_ACTIVITY_
Line by line, restate the material word for word, omitting any image.

_EXERCISE INPUTS_
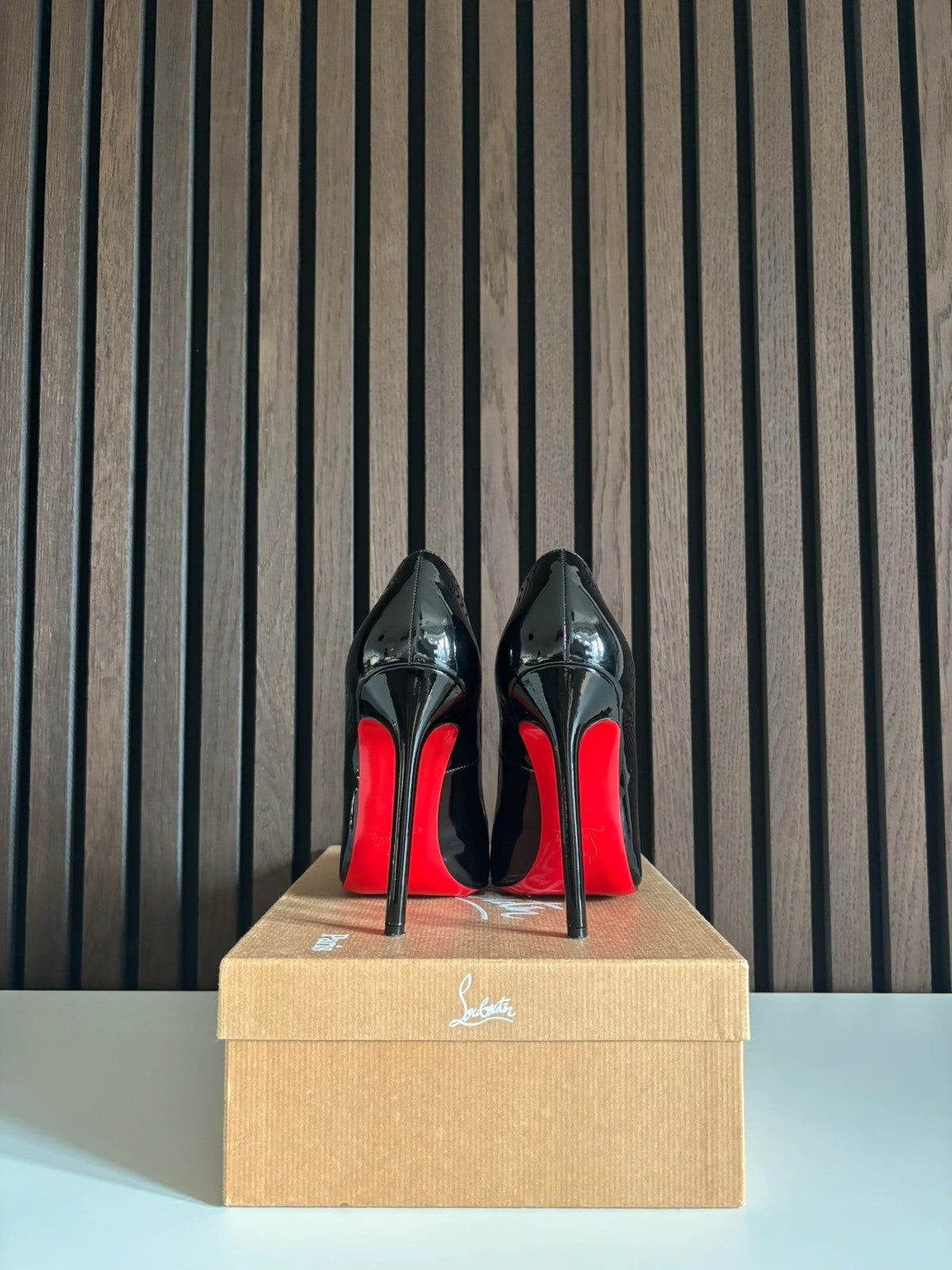 Christian Louboutin Pigalle 120 Patent Leather Black - Sole Christian Louboutin Pigalle 120 Patent Leather Black Heels (EU 40.5 / UK 7.5) - red sole detail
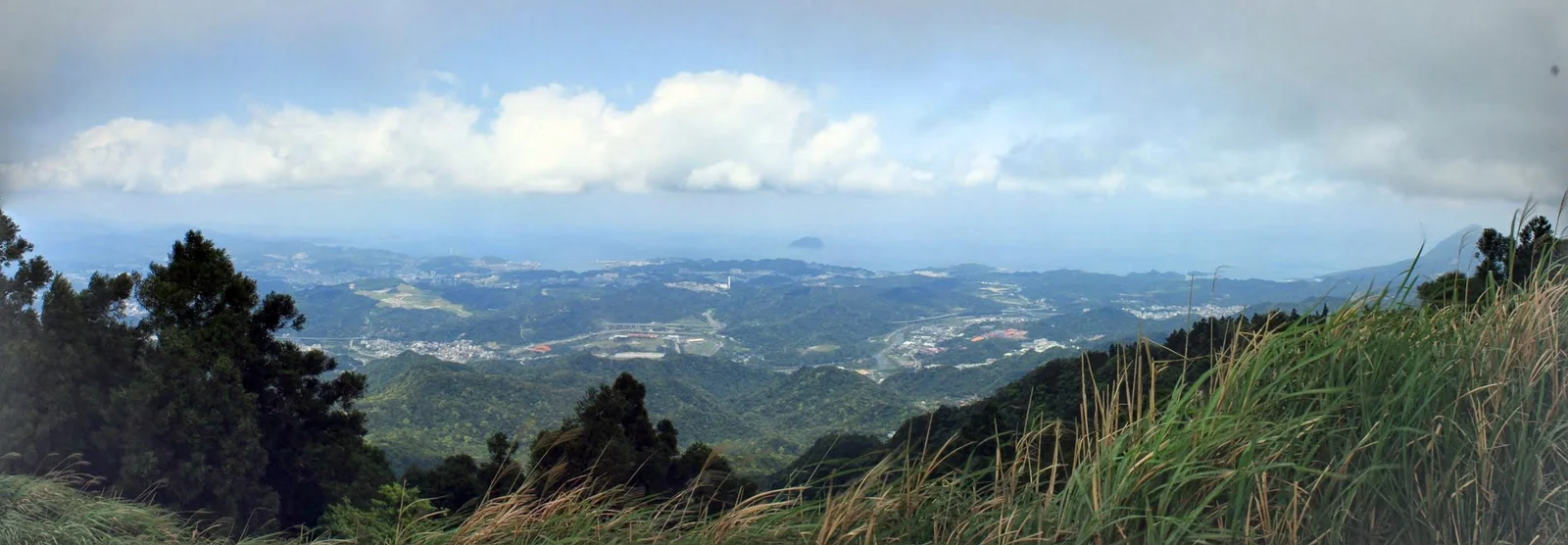 五分山望出去的朦朧遠景,遠方可見模糊島影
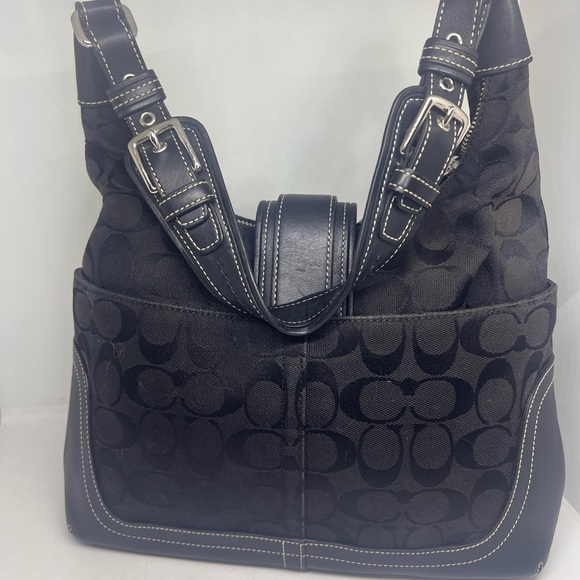 COACH💥SOLD OUT💥Black Signature  Soho Shoulder Bag No.6824 - Picture 4 of 10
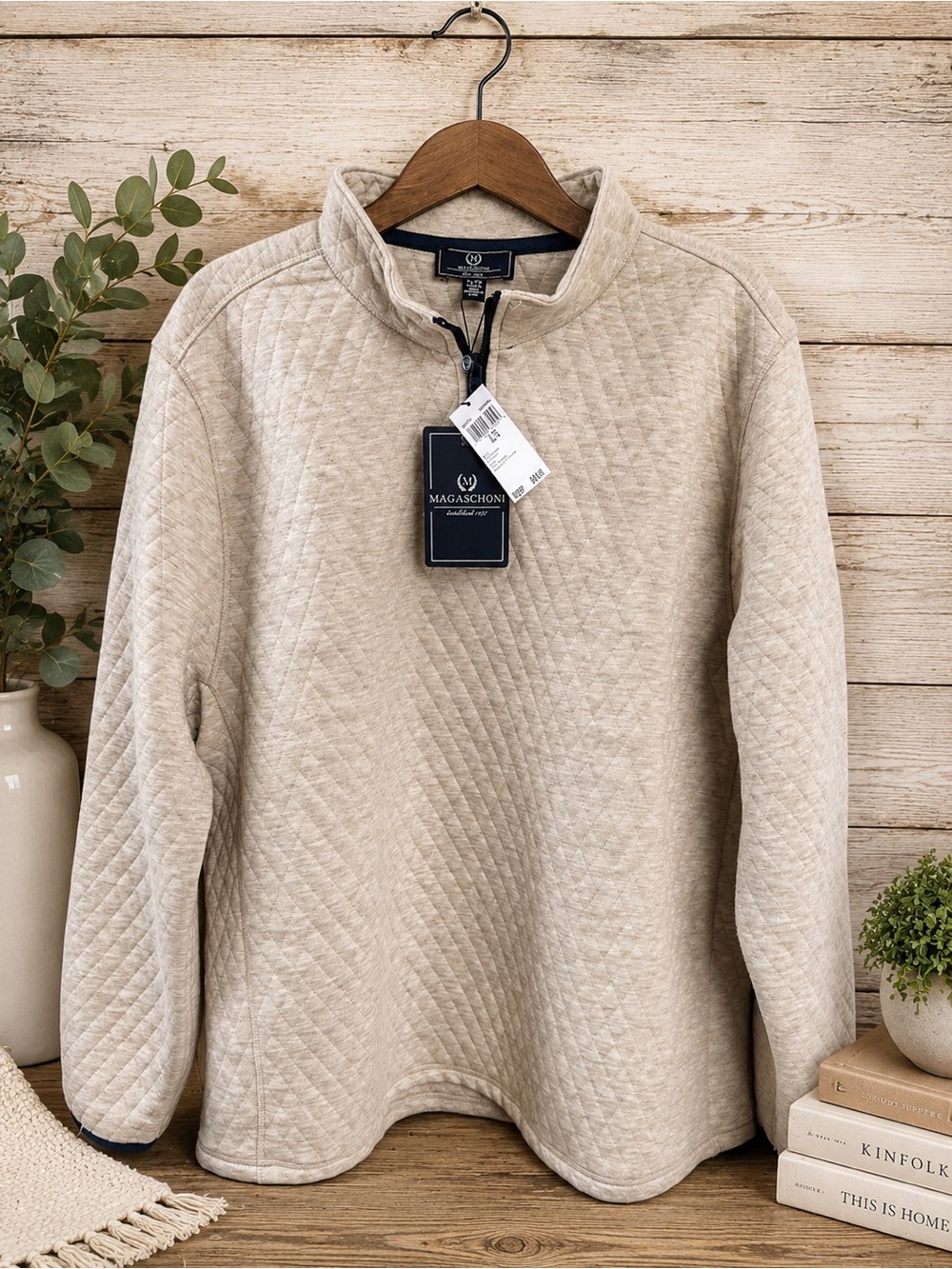 Magaschoni soft quilted quarter-zip pullover.
Men's XL  NWT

_ANSWER TO THE EXERCISE_
 Christian Louboutin Pigalle 120 Patent Leather Black - Sole Christian Louboutin Pigalle 120 Patent Leather Black Heels (EU 40.5 / UK 7.5) - red sole detail
 五分山望出去的朦朧遠景,遠方可見模糊島影
 COACH💥SOLD OUT💥Black Signature  Soho Shoulder Bag No.6824 - Picture 4 of 10
 Magaschoni soft quilted quarter-zip pullover.
Men's XL  NWT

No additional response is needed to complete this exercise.